President Bush, asked what he hopes Rice will achieve on her trip, said he would discuss it with her when he returns to the White House on Sunday. He was speaking at a restaurant in Aurora, Colo., as he met with 10 members of the military who recently returned from Iraq.
Talking to reporters aboard Air Force One as Bush was en route to an appearance in Colorado, she said the idea was "to provide the president and Dr. Rice a chance to continue to strategize with a key partner in the region on a diplomatic solution that will address the root causes of violence and terror in the region."
Bush and Rice will meet at the White House Sunday with Saudi Foreign Minister Saud al-Faisal and Prince Bandar bin Sultan, chief of the Saudi National Security Council.

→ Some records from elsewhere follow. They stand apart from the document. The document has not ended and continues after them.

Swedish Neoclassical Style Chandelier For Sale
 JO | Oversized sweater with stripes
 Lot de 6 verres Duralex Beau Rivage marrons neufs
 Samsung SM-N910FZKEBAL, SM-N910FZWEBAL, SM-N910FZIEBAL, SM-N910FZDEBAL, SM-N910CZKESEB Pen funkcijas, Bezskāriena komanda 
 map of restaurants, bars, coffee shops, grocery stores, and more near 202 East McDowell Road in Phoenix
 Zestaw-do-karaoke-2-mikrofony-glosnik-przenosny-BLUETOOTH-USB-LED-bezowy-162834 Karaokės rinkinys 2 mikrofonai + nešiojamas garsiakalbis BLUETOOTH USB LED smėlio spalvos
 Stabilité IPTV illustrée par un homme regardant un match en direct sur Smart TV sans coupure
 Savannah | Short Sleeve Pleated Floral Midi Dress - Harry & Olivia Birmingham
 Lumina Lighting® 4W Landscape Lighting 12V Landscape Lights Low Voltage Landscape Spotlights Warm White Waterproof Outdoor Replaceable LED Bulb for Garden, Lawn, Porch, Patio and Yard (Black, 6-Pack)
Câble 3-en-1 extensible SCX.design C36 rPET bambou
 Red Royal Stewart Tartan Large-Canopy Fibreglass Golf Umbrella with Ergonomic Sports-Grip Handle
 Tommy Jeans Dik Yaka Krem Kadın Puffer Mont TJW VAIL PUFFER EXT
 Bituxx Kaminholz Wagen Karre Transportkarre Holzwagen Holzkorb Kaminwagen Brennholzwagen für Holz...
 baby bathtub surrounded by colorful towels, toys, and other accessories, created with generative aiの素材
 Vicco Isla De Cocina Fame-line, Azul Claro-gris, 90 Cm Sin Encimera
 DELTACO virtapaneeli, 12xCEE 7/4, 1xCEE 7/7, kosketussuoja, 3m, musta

The plans emerged following two days of meetings in New York with United Nations Secretary General Kofi Annan and envoys he sent to the region this week. Although Annan called Thursday for an immediate cease-fire, that is opposed by the United States. The Bush administration says the United States and the UN agree on the wider diplomatic goals for the region.
The United States has resisted international pressure to lean on its ally Israel to halt the fighting. Rice was likely try to point the way to a relatively quick cease-fire, but not an immediate one. She is expected in Israel on Tuesday, Israeli officials said on condition of anonymity because the schedule was not yet confirmed.
Rice is also expected to meet with European foreign ministers and representatives from Arab nations that have been unusually critical of Hezbollah. That meeting would take place somewhere in the Mideast, but the location is not set.
Rice's mission would be the first US diplomatic effort on the ground since the Israeli onslaught against Lebanon began.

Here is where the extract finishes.